Amid talk that the Obama administration plans to use money from the Troubled Asset Relief Program (TARP) to fund a new stimulus package, it is important to understand what TARP actually accomplished, who benefited, and who paid the price. A major component of the administration’s new stimulus plan would eliminate fees and increase guarantees on loans offered through the Small Business Administration (SBA). Small businesses are the source of most job creation in the U.S., but they are having a hard time finding financing in the current environment. Obama’s speech at Brookings Tuesday stressed the need for government action to get credit flowing again to this sector, but it did not attempt to explain why such credit is currently hard to come by. That might be because any honest attempt to do so would lead back to the government’s flawed strategy for saving the banks. 

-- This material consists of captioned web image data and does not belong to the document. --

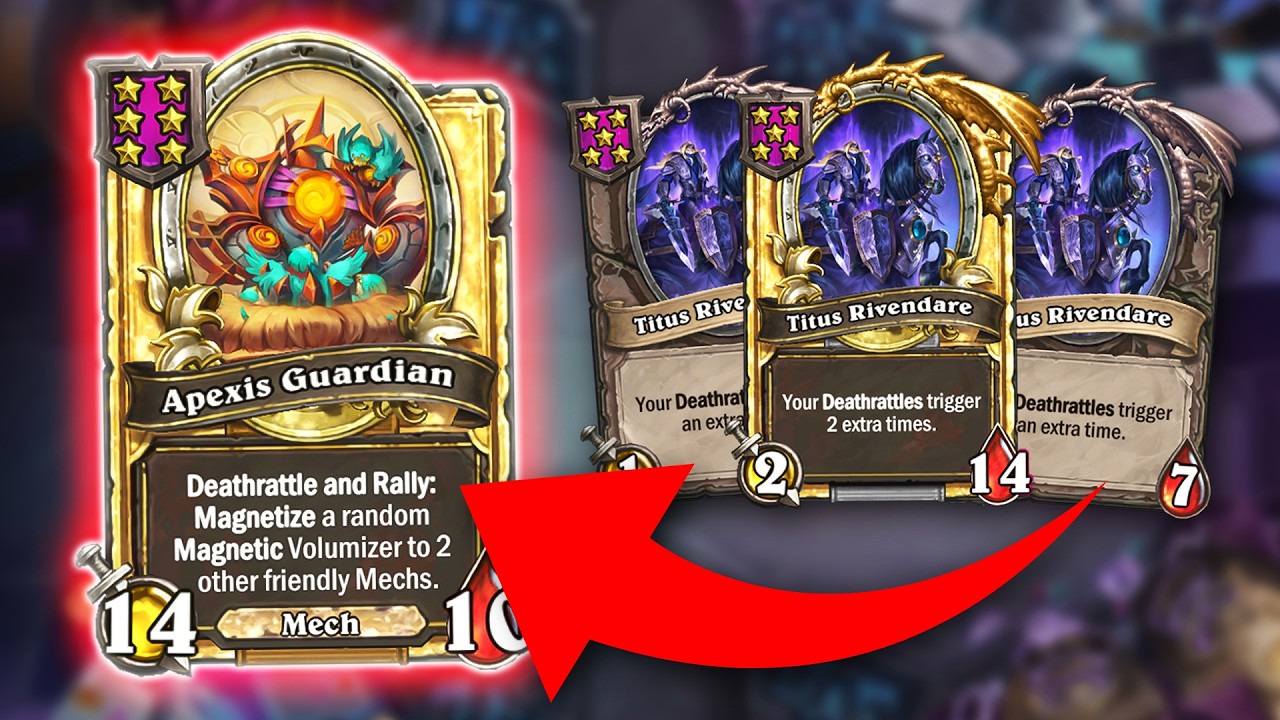 Safety First When Playing Mechs! | Hearthstone Battlegrounds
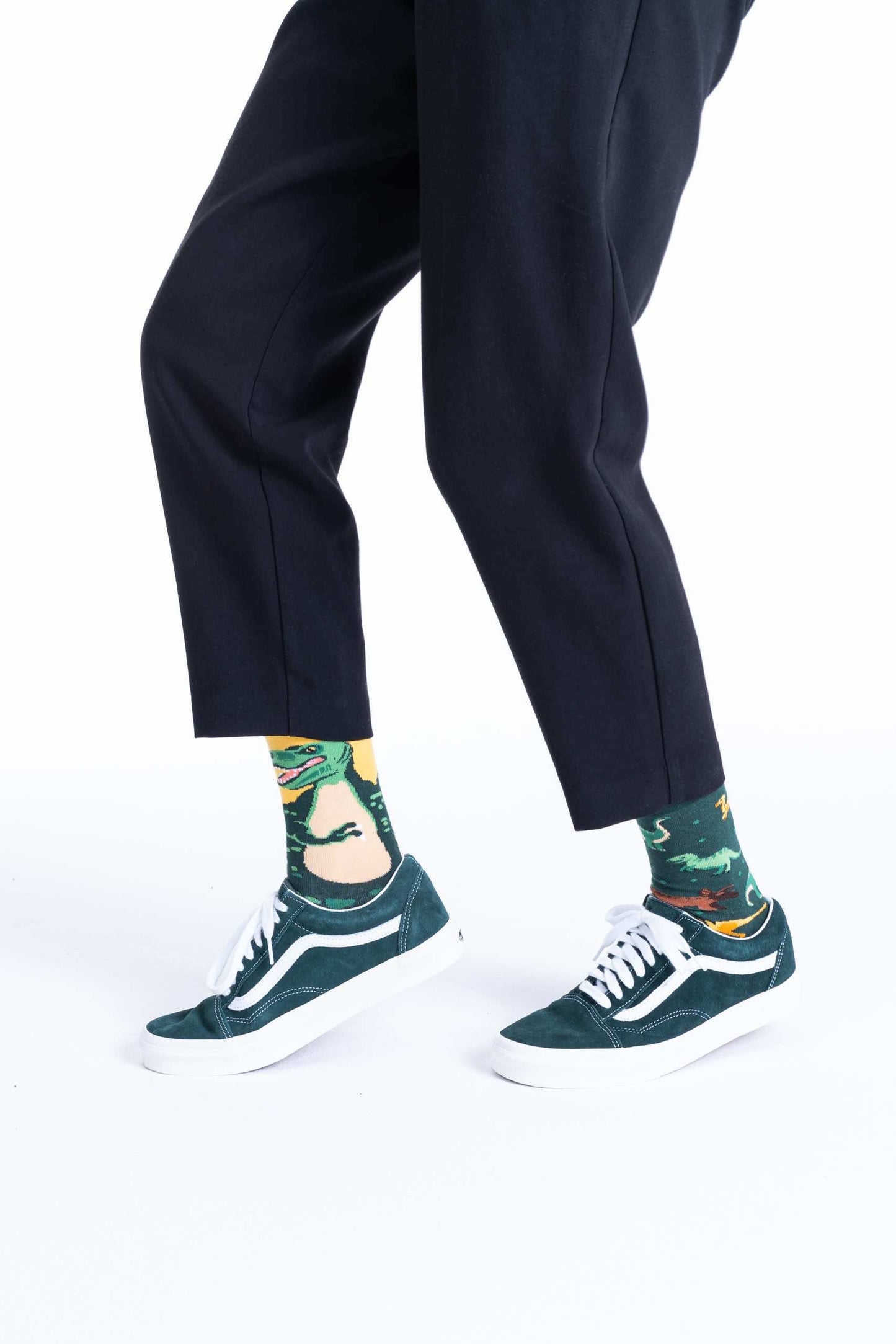 Socken The Dinosaurs Many Mornings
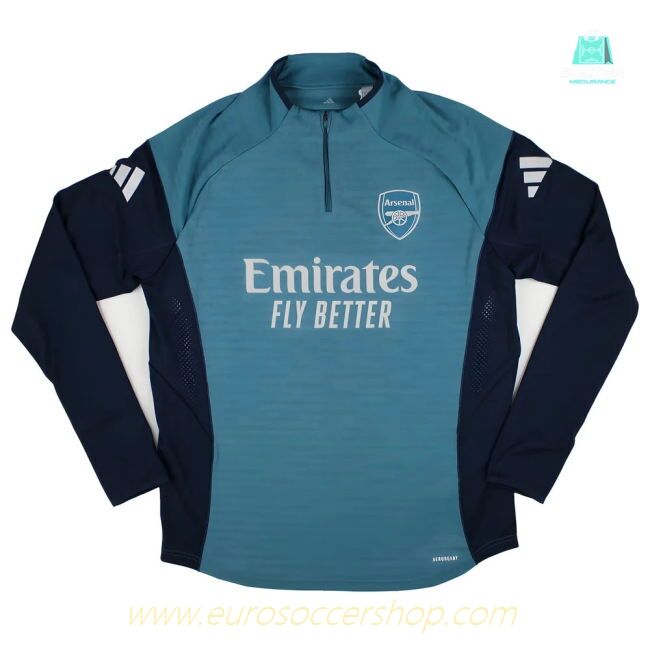 2025-2026 Arsenal Pro Training Top (Blue)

Many banks binged on asset-backed securities and related derivatives as the real-estate bubble expanded. These assets soured as home prices fell and home loans started to fall into default, leading to the bailout of Bear Stearns, the collapse of Lehman Brothers, the rescue of AIG, and the passage of the Emergency Economic Stabilization Act, which created TARP. The Treasury Department under George W. Bush initially planned to use the $700 billion TARP fund to buy troubled assets from banks and other financial companies, thus repairing their balance sheets, saving them from insolvency, and enabling them to lend again.